Symptoms of Thickened Endometrium

Endometrial hyperplasia may be asymptomatic or lead to several symptoms, such as vaginal discharge, bleeding between menstrual cycles, heavy and/or prolonged menstrual bleeding, and pelvic and/or abdominal pain.

Diagnosis and Treatment for Thickened Endometrium

Diagnosis of thickened endometrium can be easily confirmed with the assistance of an ultrasound of the uterus. What follows is a biopsy of the endometrium and a pathohistological examination of the biopted tissue so that the underlying cause can be properly identified.
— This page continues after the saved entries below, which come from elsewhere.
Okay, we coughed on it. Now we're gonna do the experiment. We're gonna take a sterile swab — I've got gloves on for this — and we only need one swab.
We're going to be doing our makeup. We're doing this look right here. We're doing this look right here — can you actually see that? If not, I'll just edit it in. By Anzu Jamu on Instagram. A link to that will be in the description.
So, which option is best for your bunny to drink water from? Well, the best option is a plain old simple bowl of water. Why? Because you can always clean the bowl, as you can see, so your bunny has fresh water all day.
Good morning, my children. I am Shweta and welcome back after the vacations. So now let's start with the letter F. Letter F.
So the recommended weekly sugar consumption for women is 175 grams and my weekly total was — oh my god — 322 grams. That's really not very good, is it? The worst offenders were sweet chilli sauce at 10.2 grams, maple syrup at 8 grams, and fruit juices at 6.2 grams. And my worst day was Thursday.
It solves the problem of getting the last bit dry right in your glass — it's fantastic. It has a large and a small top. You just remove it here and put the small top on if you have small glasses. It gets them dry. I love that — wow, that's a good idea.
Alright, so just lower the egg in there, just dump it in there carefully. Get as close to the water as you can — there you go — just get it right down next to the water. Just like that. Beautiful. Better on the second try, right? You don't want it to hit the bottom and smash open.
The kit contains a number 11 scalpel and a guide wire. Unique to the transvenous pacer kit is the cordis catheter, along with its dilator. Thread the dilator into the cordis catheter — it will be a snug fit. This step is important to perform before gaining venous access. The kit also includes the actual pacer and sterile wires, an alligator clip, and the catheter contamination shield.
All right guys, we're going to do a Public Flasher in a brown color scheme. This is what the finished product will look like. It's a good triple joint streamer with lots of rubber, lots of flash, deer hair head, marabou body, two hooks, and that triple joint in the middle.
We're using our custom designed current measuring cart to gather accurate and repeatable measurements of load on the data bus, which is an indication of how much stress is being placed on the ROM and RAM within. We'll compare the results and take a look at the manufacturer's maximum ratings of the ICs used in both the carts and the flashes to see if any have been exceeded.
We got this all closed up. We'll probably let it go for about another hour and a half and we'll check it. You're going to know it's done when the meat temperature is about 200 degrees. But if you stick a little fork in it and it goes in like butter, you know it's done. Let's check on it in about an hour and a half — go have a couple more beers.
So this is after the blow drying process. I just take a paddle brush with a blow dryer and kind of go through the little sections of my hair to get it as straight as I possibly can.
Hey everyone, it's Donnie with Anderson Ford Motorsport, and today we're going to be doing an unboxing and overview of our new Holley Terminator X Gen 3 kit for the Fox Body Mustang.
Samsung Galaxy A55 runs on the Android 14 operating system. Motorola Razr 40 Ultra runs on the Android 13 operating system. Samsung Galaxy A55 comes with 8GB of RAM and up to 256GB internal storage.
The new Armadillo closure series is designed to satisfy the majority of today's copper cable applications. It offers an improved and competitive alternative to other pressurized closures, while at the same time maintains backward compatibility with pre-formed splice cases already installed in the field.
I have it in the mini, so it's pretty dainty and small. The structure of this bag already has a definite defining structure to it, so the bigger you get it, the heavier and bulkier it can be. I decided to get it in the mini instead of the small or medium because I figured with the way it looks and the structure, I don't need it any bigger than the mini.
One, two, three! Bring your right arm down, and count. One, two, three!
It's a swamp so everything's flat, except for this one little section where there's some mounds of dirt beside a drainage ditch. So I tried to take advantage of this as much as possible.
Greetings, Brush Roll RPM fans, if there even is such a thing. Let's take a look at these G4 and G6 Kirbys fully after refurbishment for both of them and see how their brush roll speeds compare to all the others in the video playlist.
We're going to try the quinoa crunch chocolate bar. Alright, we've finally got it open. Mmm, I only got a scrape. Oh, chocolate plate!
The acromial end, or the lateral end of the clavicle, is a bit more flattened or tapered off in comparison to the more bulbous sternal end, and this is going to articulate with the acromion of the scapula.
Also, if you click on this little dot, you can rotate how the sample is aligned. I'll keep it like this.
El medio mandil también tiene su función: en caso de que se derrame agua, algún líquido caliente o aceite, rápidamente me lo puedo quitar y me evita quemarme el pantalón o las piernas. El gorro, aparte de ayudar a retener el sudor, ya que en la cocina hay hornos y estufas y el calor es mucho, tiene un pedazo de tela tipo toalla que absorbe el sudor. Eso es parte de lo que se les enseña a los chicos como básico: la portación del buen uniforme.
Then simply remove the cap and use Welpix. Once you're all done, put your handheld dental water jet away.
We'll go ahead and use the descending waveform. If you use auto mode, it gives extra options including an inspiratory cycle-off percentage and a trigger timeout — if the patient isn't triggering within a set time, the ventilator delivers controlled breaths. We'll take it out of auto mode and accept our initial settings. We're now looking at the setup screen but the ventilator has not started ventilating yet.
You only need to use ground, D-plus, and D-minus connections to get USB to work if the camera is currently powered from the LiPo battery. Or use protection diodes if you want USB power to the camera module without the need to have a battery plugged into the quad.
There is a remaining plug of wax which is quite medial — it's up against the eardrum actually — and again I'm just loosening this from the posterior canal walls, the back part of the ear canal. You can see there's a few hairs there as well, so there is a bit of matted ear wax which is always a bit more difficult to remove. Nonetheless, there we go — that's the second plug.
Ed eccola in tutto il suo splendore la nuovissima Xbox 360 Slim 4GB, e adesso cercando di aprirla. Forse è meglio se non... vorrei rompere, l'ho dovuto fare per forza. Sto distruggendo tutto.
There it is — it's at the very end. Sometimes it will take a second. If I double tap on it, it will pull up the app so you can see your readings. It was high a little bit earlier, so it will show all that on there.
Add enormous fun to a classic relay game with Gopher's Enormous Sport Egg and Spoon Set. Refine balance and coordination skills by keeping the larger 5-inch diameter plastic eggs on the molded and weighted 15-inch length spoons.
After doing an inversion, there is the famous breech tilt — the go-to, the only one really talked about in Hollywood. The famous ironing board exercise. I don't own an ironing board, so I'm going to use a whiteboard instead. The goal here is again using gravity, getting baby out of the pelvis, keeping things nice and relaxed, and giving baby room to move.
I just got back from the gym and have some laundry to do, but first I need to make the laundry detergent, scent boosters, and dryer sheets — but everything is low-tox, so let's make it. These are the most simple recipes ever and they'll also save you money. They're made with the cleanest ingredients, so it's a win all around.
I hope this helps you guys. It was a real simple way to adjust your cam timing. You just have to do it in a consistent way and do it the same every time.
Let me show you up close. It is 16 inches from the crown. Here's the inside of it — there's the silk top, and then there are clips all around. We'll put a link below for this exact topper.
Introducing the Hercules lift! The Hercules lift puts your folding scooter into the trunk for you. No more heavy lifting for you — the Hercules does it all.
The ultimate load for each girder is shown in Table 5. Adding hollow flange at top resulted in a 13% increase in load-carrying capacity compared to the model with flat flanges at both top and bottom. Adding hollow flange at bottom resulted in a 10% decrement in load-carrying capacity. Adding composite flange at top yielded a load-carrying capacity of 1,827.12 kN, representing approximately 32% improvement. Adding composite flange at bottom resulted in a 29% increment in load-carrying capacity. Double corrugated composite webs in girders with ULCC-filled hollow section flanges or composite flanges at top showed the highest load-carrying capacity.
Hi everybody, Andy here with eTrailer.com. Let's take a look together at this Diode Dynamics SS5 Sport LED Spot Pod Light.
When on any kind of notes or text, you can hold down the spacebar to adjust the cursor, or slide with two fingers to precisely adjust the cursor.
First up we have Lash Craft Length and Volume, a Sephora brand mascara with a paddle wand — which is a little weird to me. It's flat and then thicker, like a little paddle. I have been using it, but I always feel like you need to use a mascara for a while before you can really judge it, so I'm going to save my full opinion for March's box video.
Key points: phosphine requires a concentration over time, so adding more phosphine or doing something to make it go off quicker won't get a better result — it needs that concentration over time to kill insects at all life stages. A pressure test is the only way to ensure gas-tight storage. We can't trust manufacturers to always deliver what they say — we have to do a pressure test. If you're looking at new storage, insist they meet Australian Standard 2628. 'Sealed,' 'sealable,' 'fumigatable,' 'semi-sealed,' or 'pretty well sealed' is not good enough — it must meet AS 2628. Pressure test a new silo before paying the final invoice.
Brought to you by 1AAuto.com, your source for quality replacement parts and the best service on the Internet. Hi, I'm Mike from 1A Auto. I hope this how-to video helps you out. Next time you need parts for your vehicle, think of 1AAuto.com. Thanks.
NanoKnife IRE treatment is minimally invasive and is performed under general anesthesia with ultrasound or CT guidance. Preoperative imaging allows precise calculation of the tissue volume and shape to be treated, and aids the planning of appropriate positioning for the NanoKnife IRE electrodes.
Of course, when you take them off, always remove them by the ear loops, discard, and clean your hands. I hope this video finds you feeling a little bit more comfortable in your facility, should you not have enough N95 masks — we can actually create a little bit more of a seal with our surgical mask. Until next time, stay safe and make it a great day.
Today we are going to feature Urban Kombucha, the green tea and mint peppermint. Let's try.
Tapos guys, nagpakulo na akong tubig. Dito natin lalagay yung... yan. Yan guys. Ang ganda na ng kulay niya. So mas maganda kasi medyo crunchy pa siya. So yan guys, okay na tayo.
Treatment for thickened endometrium depends on the underlying cause and may be conservative or surgical. Most of the time simplex or complex hypertrophic endometrium without cellular atypical is treated with birth control pills or progesterone.

Women who are in menopause, particularly those suffering from atypical endometrial hyperplasia are perfect candidates for hysterectomy, a surgical removal of the uterus. This is both, the treatment for endometrial hyperplasia and the method of prevention against potential endometrial cancer.